French political party from late 1920s to mid 1930s

The Republican Syndicalist Party (Parti républicain syndicaliste, PRS) was a French political party founded on June 10, 1928, by Georges Valois following the dissolution of the fascist Faisceau party. The PRS counted among its members Charles Albert, a former anarchist who had turned neo-Jacobin, Jacques Arthuys, Hubert Bourguin and René Capitant, a future left-wing Gaullist. Although it was close to fascism and to some far-right leagues, the PRS later joined the left-wing, and several of its members, including Georges Valois himself, took part in the French Resistance.
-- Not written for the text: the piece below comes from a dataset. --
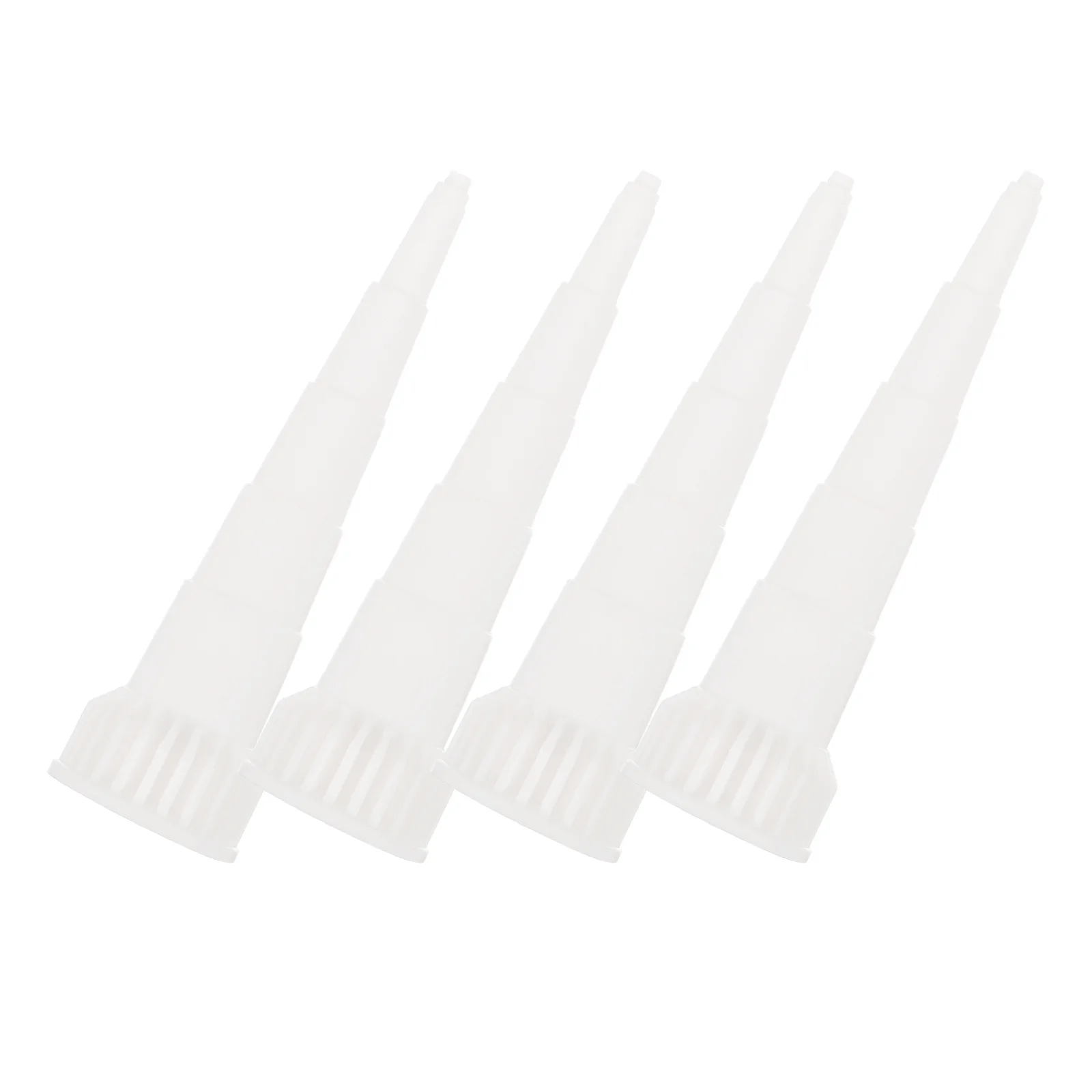 

4Pcs Caulking Nozzles Reusable Sealant Tips for Gap Filling Anti-Drying Design Control Caulk Tube Caps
It is representative of the French non-conformist movement of the 1930s.

The PRS published a press organ, the Cahiers Bleus which published at the Librairie Valois edition its first numero on 15 August 1928 and its 119th and last issue on 23 May 1932, during the Second Cartel des gauches (Left-wing Coalition). The Cahiers Bleus were a monthly and bi-monthly, with the subtitle "Pour la république syndicale: organe de culture générale et d'organisation"" (For the Trade-Unions' Republic: Organ of Culture générale and Organisation"). Its aim was to develop a new economy, founded on trade unions and corporatism. Collaborators to the Cahiers Bleus included Edouard Berth, who had co-founded the Cercle Proudhon with Valois, Marcel Déat, a future neo-socialist excluded from the French Section of the Workers' International (SFIO) and then collaborationist, Bertrand de Jouvenel, co-founder of the liberal Mont Pelerin Society, and Pierre Mendès France, future Prime minister during the Fourth Republic, from the young guard (jeunes loups) of the Radical-Socialist Party. The Cahiers bleus became the Chantiers coopératifs (Co-operative Workshops ?), then followed by the Cahiers bleus. 2e serie. (1931-1932).